En somme, permettre au seul Gouvernement de créer des charges supplémentaires ne saurait se justifier au seul motif qu’il protégerait des conflits d’intérêt.

D’autre part, l’article 40, inchangé depuis 1958, vise à maîtriser l’évolution des finances publiques. Or, on observe que l’équilibre budgétaire n’existe plus depuis 1974 et la dette publique atteint aujourd’hui 111 % du produit intérieur brut (PIB). Ainsi, plus de soixante ans après son entrée en vigueur, force est de constater que cet article n’a pas permis d’atteindre l’objectif recherché. Au‑delà de la finalité contestable de cet article, son inefficacité n’est plus à démontrer.

L’approche protectrice de l’article 40, justifiée par le souci d’empêcher toute dérive budgétaire, est discutable à l’aune de l’effet multiplicateur de la dépense publique, puisque celleci s’appuie sur la demande des ménages. Or, la demande des ménages est le moteur même de l’économie. C’est de cette demande que découle l’investissement, la consommation et donc la création de richesses, un cercle vertueux qui stimule l’économie en engendrant des revenus supplémentaires ainsi qu’en créant de la demande pour les entreprises et des emplois, favorisant ainsi le pouvoir d’achat. Par ailleurs, la dette publique permet de soutenir l’économie en temps de crise. Enfin, en période de crise économique, l’augmentation de la dette publique permet de maintenir l’économie à flot en soutenant, là aussi, la demande des ménages. En somme, la dette publique comporte des avantages. A contrario, les baisses de dépenses publiques contribuent à une baisse de l’activité.

Dans une démocratie, la Constitution ne devrait pas entraver la possibilité pour les groupes parlementaires de défendre leurs convictions, qu’ils soient partisans d’une politique interventionniste de l’État en matière budgétaire, de la maîtrise de la dette ou au contraire d’une politique de la demande. Or, l’article 40 de la Constitution bride la possibilité de défendre toutes les orientations budgétaires et constitue une entrave au débat démocratique.

Enfin, la crise démocratique que nous traversons depuis plusieurs années maintenant exige de reconsidérer les attributs du parlementarisme rationalisé. En restreignant l’initiative parlementaire, l’article 40 de la Constitution en est l’un des symboles.

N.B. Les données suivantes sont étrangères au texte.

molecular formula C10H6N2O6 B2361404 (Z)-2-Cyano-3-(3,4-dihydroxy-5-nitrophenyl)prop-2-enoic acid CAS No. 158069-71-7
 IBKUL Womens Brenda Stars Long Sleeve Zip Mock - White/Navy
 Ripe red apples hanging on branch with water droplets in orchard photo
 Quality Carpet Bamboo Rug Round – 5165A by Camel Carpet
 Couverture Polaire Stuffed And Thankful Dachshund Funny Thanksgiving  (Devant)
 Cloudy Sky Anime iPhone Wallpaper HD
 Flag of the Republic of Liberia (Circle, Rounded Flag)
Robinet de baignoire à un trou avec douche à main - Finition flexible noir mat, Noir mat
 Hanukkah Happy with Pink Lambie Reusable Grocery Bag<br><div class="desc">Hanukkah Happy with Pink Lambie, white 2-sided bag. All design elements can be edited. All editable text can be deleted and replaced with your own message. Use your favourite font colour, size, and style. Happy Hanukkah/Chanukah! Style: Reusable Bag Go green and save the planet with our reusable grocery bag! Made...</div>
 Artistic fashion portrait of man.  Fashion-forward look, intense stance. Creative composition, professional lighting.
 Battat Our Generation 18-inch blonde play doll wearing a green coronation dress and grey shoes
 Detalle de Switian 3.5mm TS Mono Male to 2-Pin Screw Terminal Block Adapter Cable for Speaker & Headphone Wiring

Cette limitation du pouvoir de légiférer des Parlementaires induit une profonde inégalité entre le Gouvernement et le Parlement. Les initiatives gouvernementales ne sont effectivement pas concernées par le principe de l’irrecevabilité financière. Rééquilibrer les pouvoirs entre le Parlement et le Gouvernement, au sein de la procédure législative, suppose de conférer au Parlement une pleine responsabilité en matière budgétaire. L’abrogation de l’article 40 de la Constitution responsabiliserait les Parlementaires qui doivent pouvoir débattre en toute liberté. Plus globalement, une telle abrogation participerait à la nécessaire revalorisation du rôle et des prérogatives du Parlement dans un objectif d’équilibre des pouvoirs, en ôtant à l’exécutif un moyen d’entraver la liberté parlementaire.

Toutes ces raisons justifient une révision constitutionnelle, à commencer, dans le cas présent, par l’abrogation de l’article 40 de la Constitution. Tel est l’objet de l’article unique de la présente proposition de loi constitutionnelle.


PROPOSITION DE LOI CONSTITUTIONNELLE

Article unique

L’article 40 de la Constitution est abrogé.